Z: It was a good year for everything.
Z picks up a copy of “Belongings,” the zine K and Z collaborated on as illustrator and writer most recently. It began, like this conversation, as a dialog with each other around ten of their own personal objects — both prized and mundane — that could tell not only a story about K and Z as individuals, friends, and collaborators, but also about each of their histories with each of the objects. The collaboration consisted of K’s drawings of each of the objects, and Z’s text for each of the objects, which were distilled into tiny narratives. Each of these mini stories then eventually took the shape of a one-panel comic. Then K and Z assembled them into the one “Belonging’s” zine.

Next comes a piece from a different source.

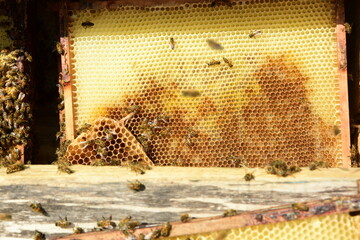 honey comb and a bee working during summer. Close up of working bee, Bee honey concept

Z: I want to talk about this now. Looking at it, it seems to hold so evident all the things we’ve learned about writing and design and illustration in the last 20 years, and also that it is, in many ways, strikingly similar. I mean, it’s just folded-over paper and stapled. Even though we knew so much less making this pointing to “Three Months in a Cult,” it feels like we still arrived at basically the same thing.
K: Obviously, when I was an undergrad, I was way more comfortable working with other people’s work. Over the years, I’ve become way more confident in being an illustrator. One of the things that’s so great, and terrible, when you’re younger, is that you don’t have a complete awareness of what it is you’re doing. Sometimes that can be translated into having a little bit of fearlessness, in that you don’t overthink things. So, I think with this one pointing to “Belongings”we’ve learned more how to do a true collaboration, and this one pointing to “Three Months in a Cult” was more in service to you.
Z: That’s a good example of the leap from how we collaborated 20 years ago, to how we collaborate now.
K: I know more now about who I am. That’s what should happen. I look at the 19-year-old who put “Three Months in a Cult” together, and I was still figuring out my voice, and figuring out what I wanted to do. I was unsure, and I wasn’t really confident about any of the creative work I was doing.
Z: I remember even back then, when we would have conversations before class, or we would read books together, or prepare for tests together, and a lot of those times we would actually be writing our papers side-by-side, on side-by-side computers.
K: Oh, yeah, and so frantically.
Z: In our conversations, I would learn so much from you about what we were reading, and what I should be putting in my papers. But when it came time for class, I felt like I would use all the stuff K LOLs that we learned together to say, “Look at me! Look at all these thoughts I have!”
K: Because you were able to articulate the stuff we were saying in class. I was
participating through you. That’s a kind of collaboration, too. They weren’t exactly your thoughts alone that you shared in class specifically, but they weren’t exactly mine either. I was afraid to have my own opinion that someone might disagree with, or that someone might think is stupid. I didn’t want to broadcast anything. It’s another reason why I felt more comfortable, especially at the beginning, with identifying with what other people were doing and making and saying, and listening to them.
Z: Do you ever feel any reluctance to share your ideas now?
Z: What do you want to talk about next?
K: I don’t know. Wait, are you recording this?